=== Exercise brief ===
For the entries below, copy exactly the line that contains "A diverse group" through the line that contains "Un baño con ducha, lavamanos y cortina.", both ends included, and exclude all pictures.

(Image-text web data)
--- START ---

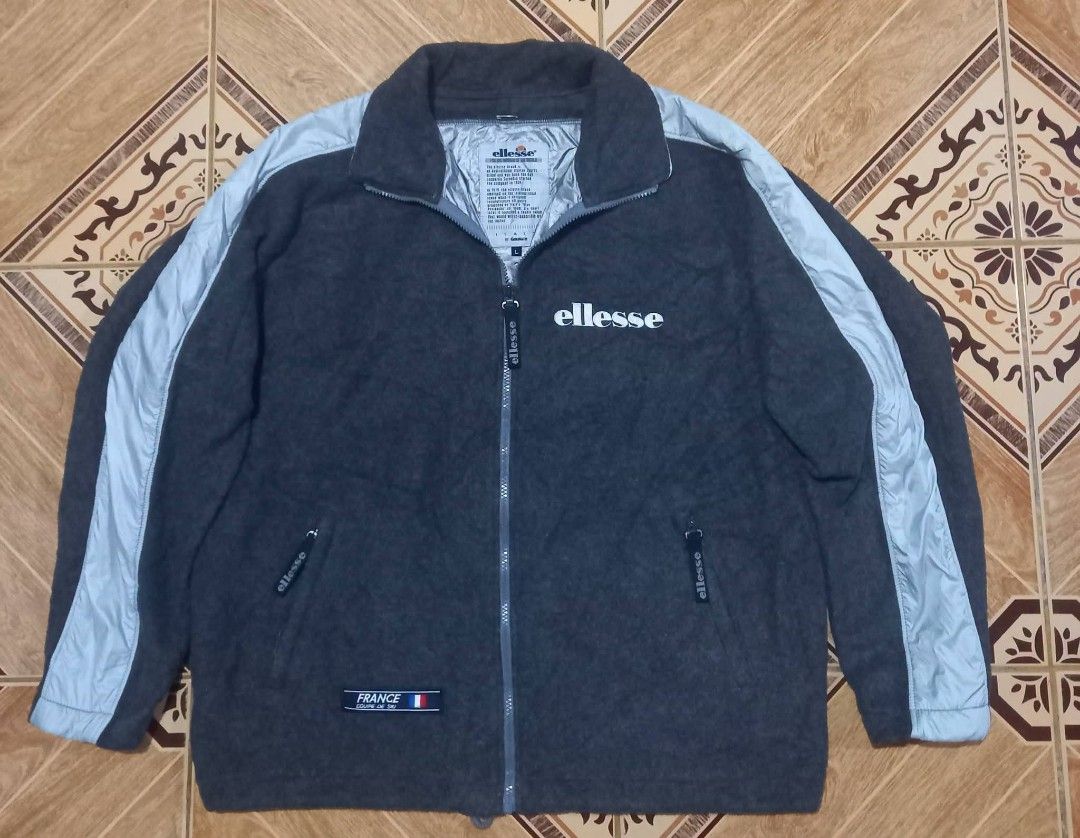 Ellesse Fleece Jacket with Light Grey Accents (Category: Coats, Jackets and Outerwear) located in Baguio. Submitted by jiannisthriftfits (Listing ID 1461560671, Image 1). Description: - Ellesse grey fleece jacket - Size L - Light grey accents on sleeves and collar - Full zip closure - Pockets included - Shiny inner lining - Small France patch on the front.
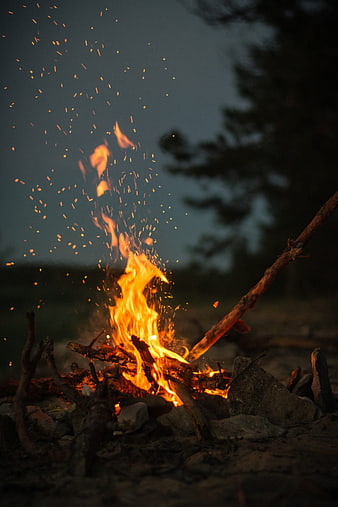Campfire with Sparks Flying at Dusk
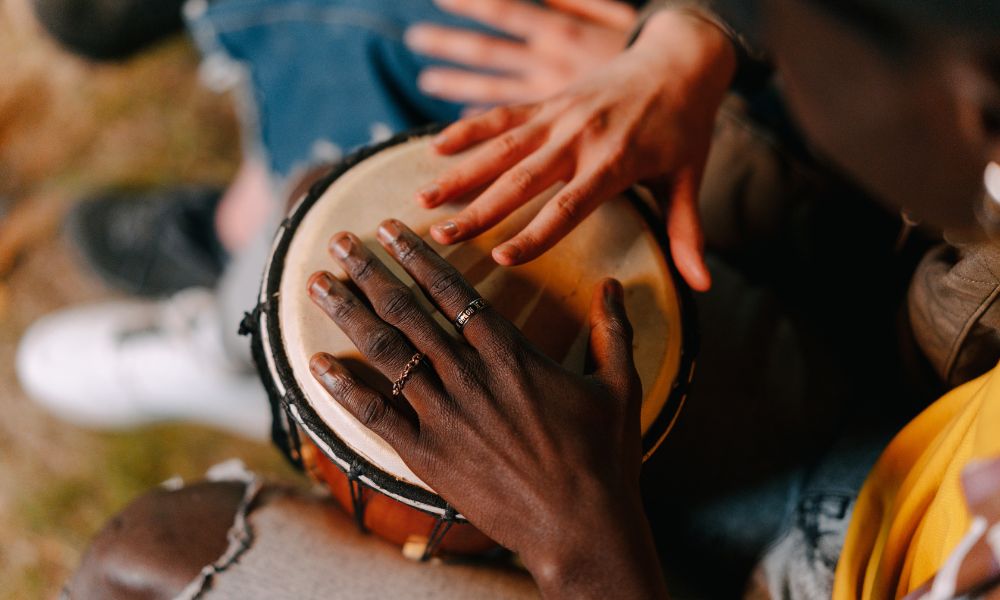 Hands playing a traditional African drum from a top-down view during the 6 Day Bush and Beyond safari with Nhongo Safaris in South Africa.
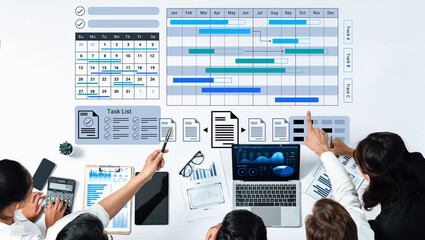 A diverse group of business professionals discussing project management strategy while reviewing Gantt chart and task list on a collaborative workspace. Gantry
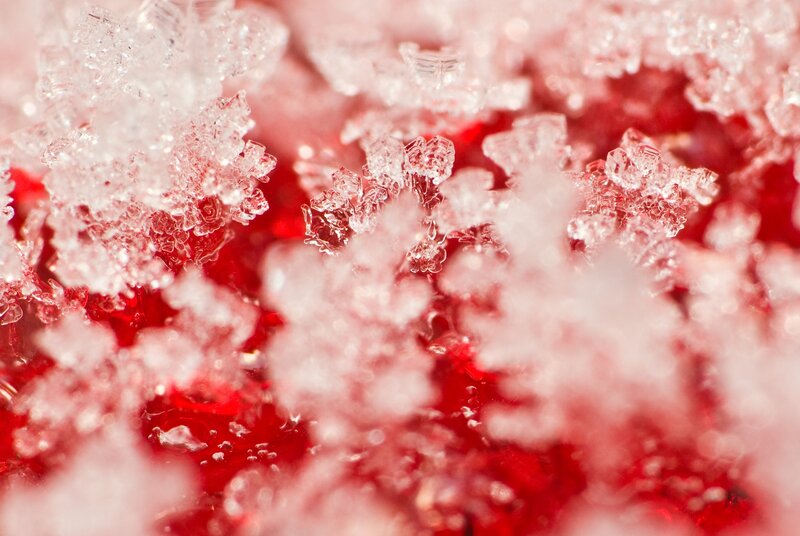 crystalline ice on red surface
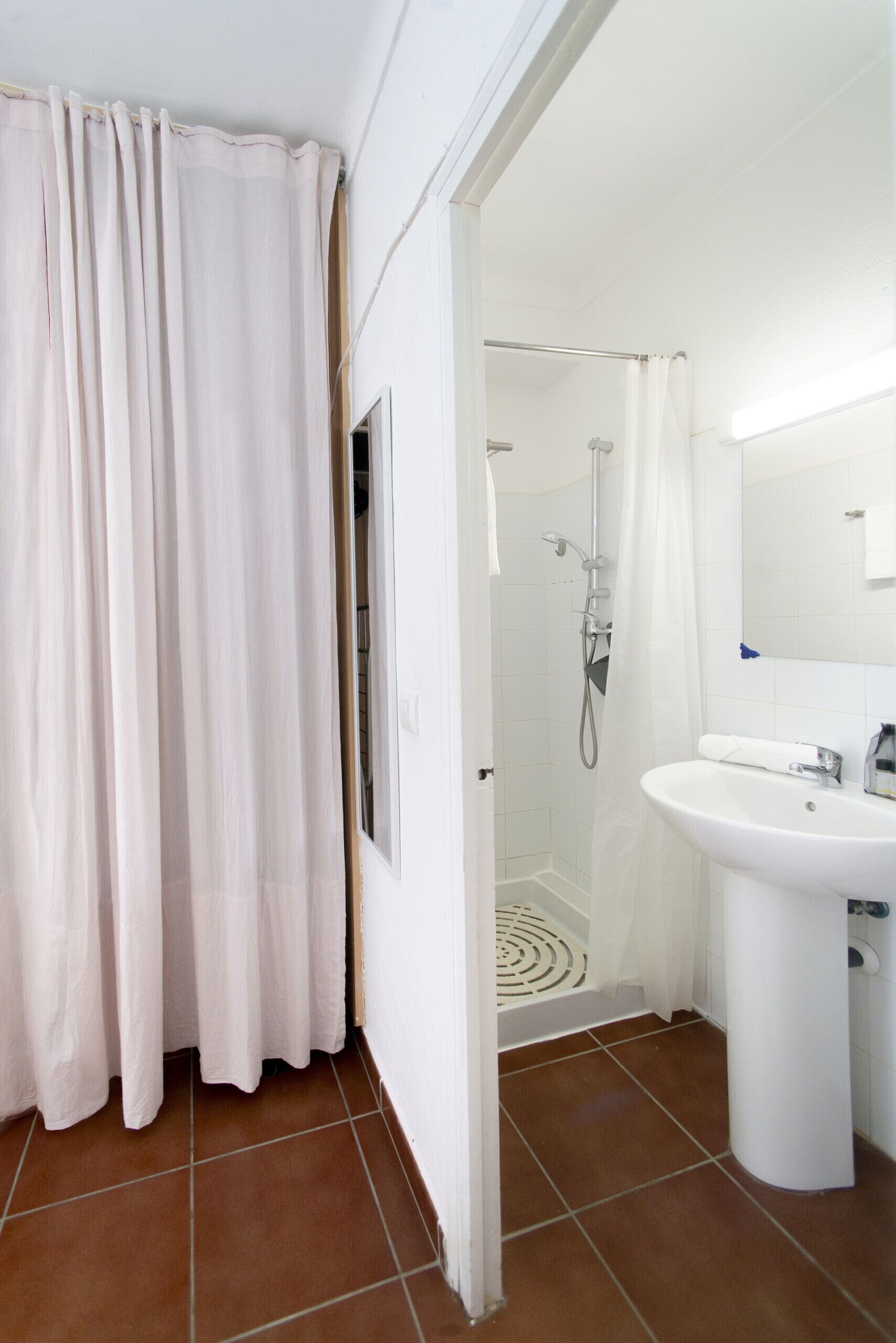 Un baño con ducha, lavamanos y cortina.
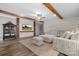 Spacious living room with hardwood floors, exposed beams, and a large sectional sofa at 360 Country Ridge Rd, Rockwell, NC 28138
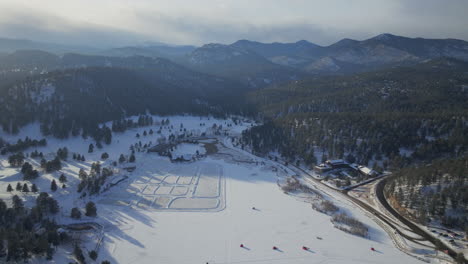 Sunset-Ice-skating-skate-hockey-rink-lake-pond-hockey-winter-Etown-Evergreen-Lake-house-fishing-tents-Denver-golf-course-Colorado-aerial-cinematic-drone-golden-hour-winter-snow-traffic-backward-motion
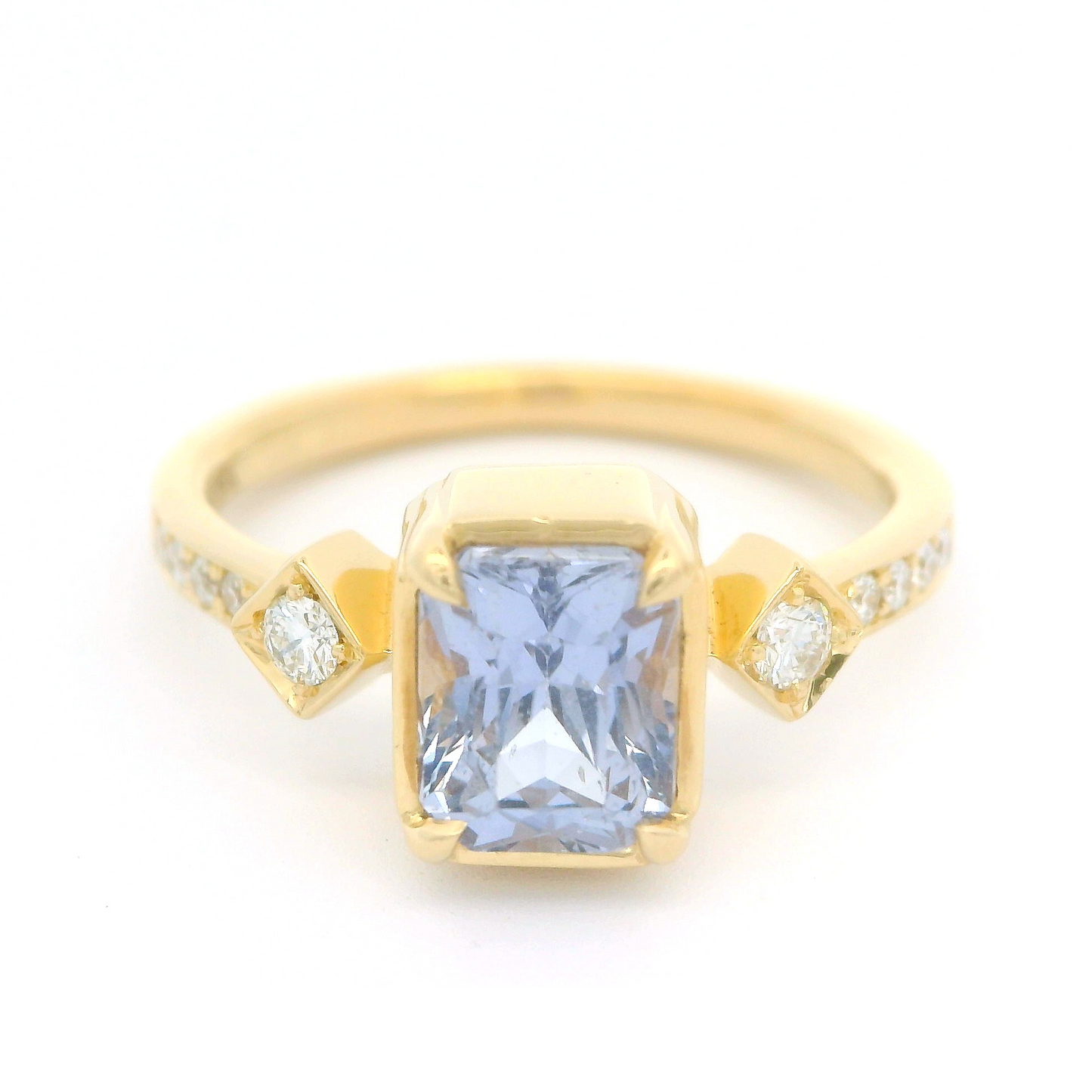 18k yellow ring 1.55ct lavender sapphire and accent diamonds.
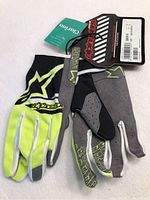 Pair of new Alpine Stars motocross gloves with tags showing the front and back side of the gloves in black and yellow colors.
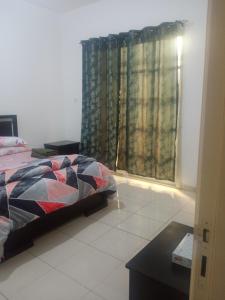 sypialnia z łóżkiem i oknem z zasłonami w obiekcie Furnished room in a villa in town center. With private bathroom w mieście El Ain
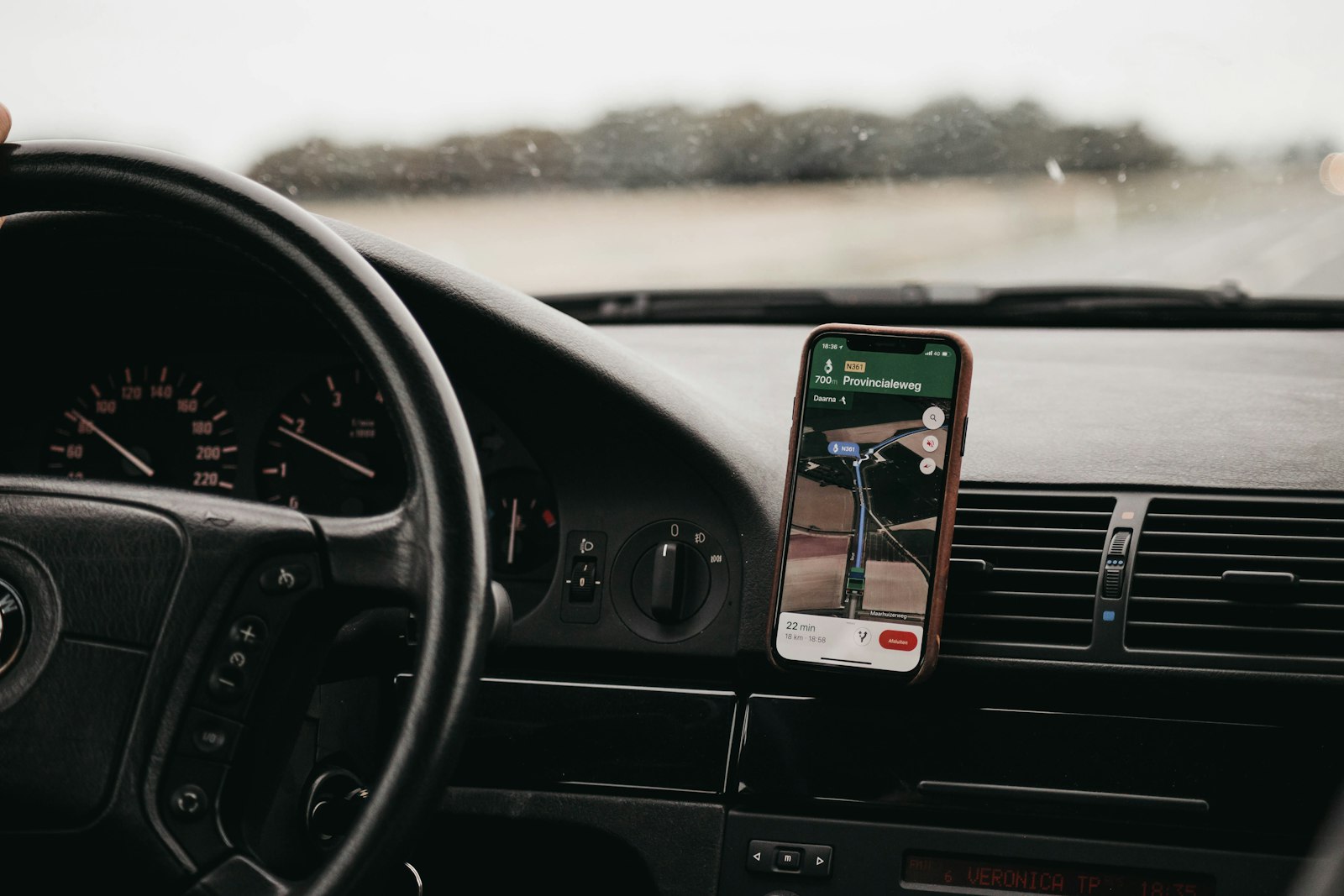 Phone with a map app mounted on a car dashboard (photo: Isaac Mehegan / Unsplash)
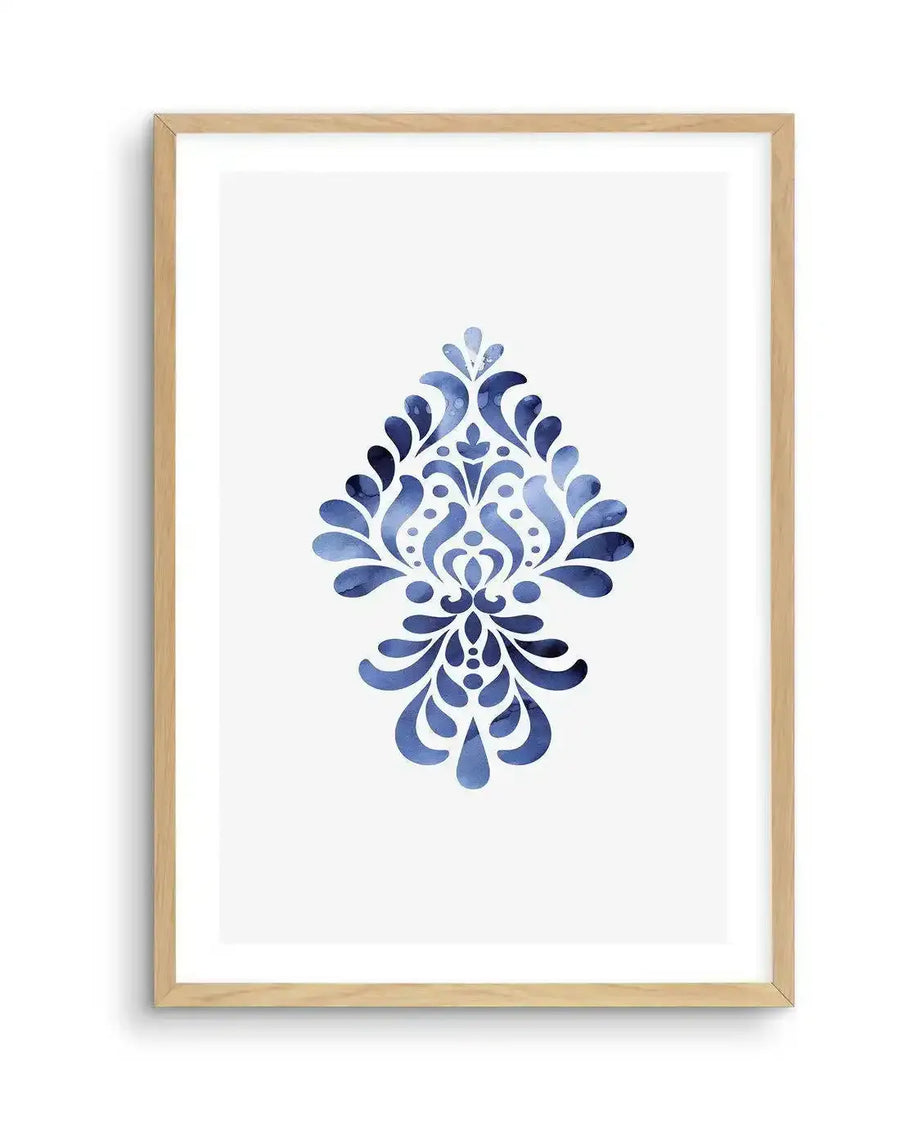Watercolour art print featuring a symmetrical damask-style motif in varying shades of deep and medium blue, with visible brushstroke texture, displayed in a natural oak frame with white border.
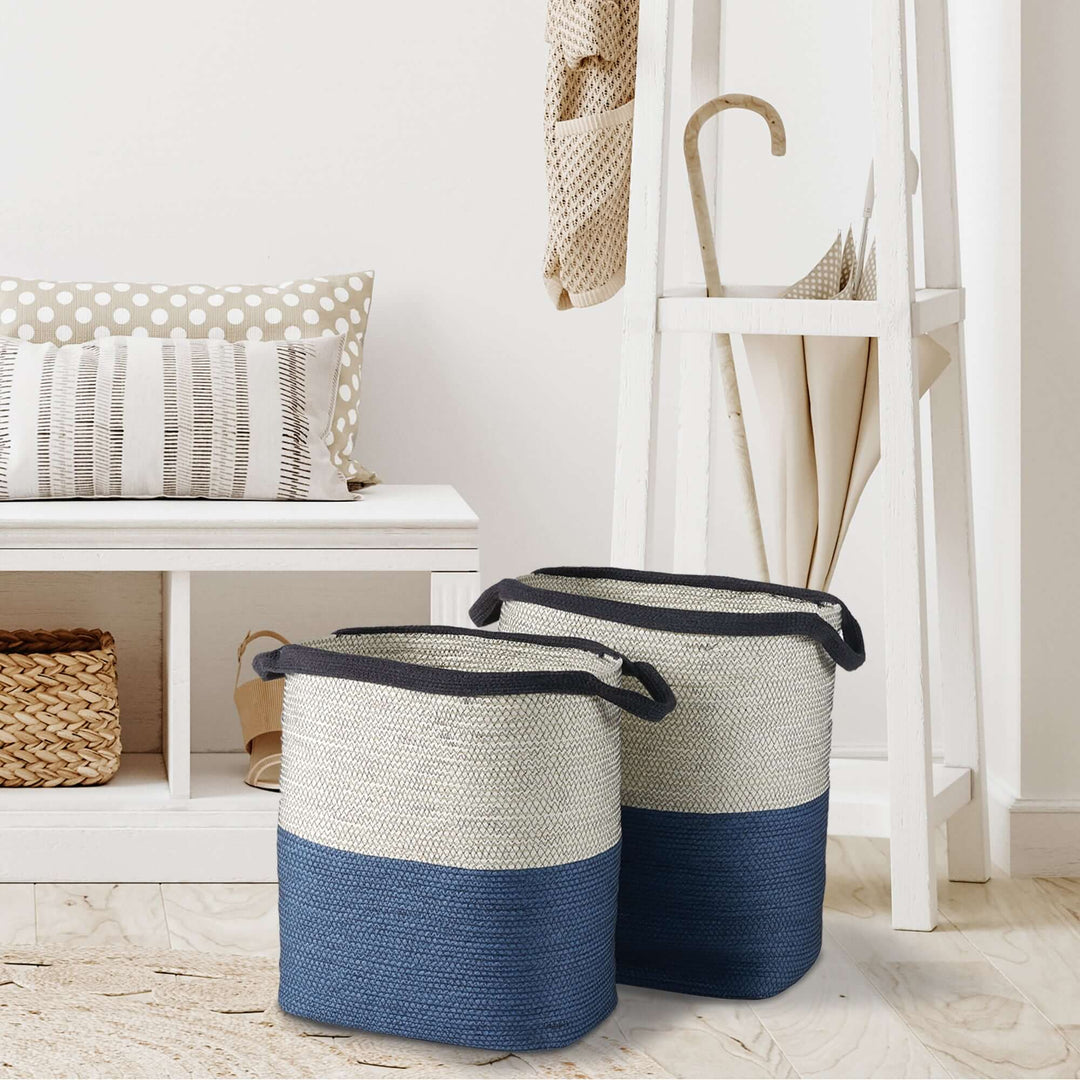 Set of 2 coastal blue and natural woven storage baskets with handles on a light wooden floor.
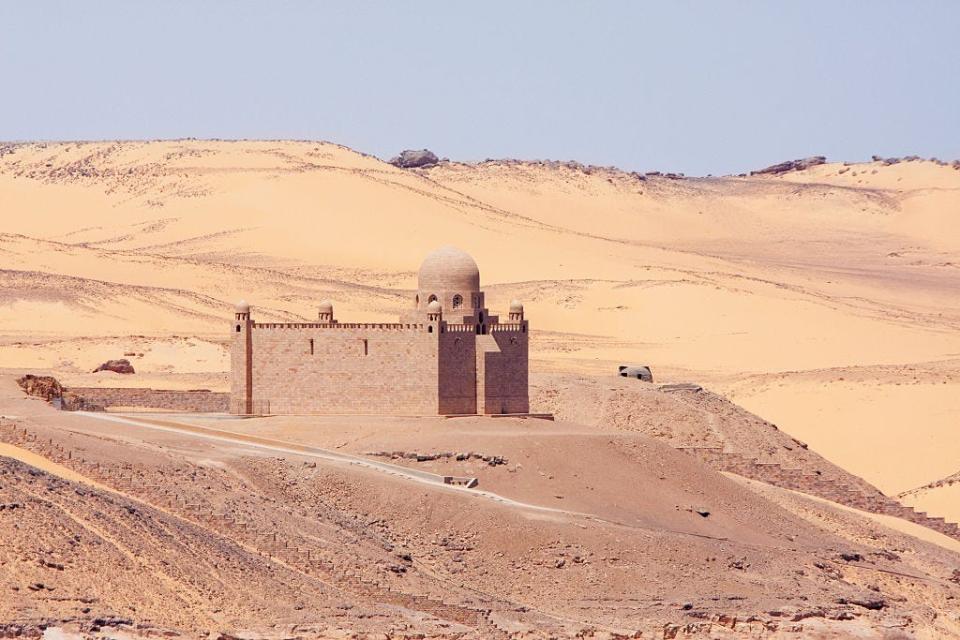 The Aga Khan Mausoleum, a large sand-colored building with a small dome on a low tower, in Aswan, Egypt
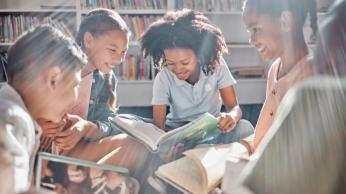 Five diverse students looking happy while reading books in a small circle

--- END ---

=== Response ===
 A diverse group of business professionals discussing project management strategy while reviewing Gantt chart and task list on a collaborative workspace. Gantry
 crystalline ice on red surface
 Un baño con ducha, lavamanos y cortina.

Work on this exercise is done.